Sapateiro desde os 14 anos, seu Juarez trabalhou a vida toda no ofício, mas também se aventurou em outras tarefas. Deixou a casa dos pais ainda menino, levado pela curiosidade e pelo desejo de aprender. “Eu aprendi com um senhor que tinha uma oficina muito grande. Ele perguntou pra minha mãe se eu queria aprender, e eu fui. Com um ano, já era profissional”, relembra.

Desde então, nunca mais parou. Andou por todo o Brasil, Petrolina, Feira de Santana, Salvador, Belo Horizonte, Imperatriz, até se fixar em Marabá, onde construiu família e se tornou, para muitos, um patrimônio da cidade. “Passei por muitas cidades desse Brasil. Trabalhei, aprendi e vivi de tudo um pouco”, diz, com brilho nos olhos.

O PRAZER QUE MOVE

Mesmo aposentado, o sapateiro garante que não pensa em parar. Agora, trabalha não mais pelo dinheiro, mas pelo prazer. “Meu pessoal não quer que eu trabalhe mais, eu digo: vocês querem que eu morra? Porque se eu parar, eu morro”, afirma.

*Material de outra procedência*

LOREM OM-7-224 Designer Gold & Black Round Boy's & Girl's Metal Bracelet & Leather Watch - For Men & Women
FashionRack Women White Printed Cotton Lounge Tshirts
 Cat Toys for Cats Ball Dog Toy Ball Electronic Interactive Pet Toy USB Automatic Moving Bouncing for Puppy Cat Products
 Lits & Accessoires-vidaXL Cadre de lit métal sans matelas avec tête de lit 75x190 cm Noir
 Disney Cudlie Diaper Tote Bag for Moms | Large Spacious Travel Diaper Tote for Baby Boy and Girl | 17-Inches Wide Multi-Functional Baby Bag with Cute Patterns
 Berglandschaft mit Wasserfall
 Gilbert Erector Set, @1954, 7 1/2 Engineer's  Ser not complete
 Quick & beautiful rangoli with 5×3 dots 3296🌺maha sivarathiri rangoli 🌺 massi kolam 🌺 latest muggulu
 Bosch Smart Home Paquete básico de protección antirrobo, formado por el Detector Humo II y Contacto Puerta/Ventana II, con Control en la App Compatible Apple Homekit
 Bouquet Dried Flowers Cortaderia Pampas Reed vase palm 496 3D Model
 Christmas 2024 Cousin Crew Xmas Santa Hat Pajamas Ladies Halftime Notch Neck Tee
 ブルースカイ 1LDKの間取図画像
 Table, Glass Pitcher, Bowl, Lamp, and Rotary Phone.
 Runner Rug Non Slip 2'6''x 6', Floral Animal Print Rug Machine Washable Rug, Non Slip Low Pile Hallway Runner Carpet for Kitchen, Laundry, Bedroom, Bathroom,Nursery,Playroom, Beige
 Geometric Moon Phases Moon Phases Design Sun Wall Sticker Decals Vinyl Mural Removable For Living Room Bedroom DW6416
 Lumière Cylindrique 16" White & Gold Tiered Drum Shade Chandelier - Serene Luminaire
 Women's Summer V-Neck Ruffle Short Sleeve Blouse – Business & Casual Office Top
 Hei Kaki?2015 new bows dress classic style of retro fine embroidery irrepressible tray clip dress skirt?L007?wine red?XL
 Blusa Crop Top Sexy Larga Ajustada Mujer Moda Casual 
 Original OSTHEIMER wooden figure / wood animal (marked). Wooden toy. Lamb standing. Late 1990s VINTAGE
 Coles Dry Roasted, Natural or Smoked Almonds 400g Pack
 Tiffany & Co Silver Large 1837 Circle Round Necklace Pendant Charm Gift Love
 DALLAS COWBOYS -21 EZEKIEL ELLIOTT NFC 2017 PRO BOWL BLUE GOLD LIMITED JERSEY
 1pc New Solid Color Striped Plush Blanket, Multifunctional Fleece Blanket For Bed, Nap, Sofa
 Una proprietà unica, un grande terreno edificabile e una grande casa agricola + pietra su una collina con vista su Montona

Pai de seis filhos, seu Juarez se orgulha de ter aprendido a fazer de tudo, confeccionar, reformar, costurar. Por isso, nunca quis se prender a uma carteira assinada. Após 40 anos fora da cidade natal, retornou, mas logo percebeu que seu lugar era outro.

Hoje, na Nova Marabá, cada ferramenta da banca guarda uma lembrança, um pedaço da história de um homem que se confunde com seu ofício. “Eu trabalhei em oficina grande, fabricava muitos sapatos. Hoje, se fizer dez pares, não vende nenhum, tudo é sintético”, comenta, com nostalgia.

PATRIMÔNIO VIVO DE MARABÁ

Ao mostrar as máquinas que o acompanharam pela vida, ele as exibe como troféus. “Tudo isso aqui faz parte da minha história. Enquanto eu tiver vivo, não vendo nada. Depois que eu morrer, a família faz o que quiser”, afirma.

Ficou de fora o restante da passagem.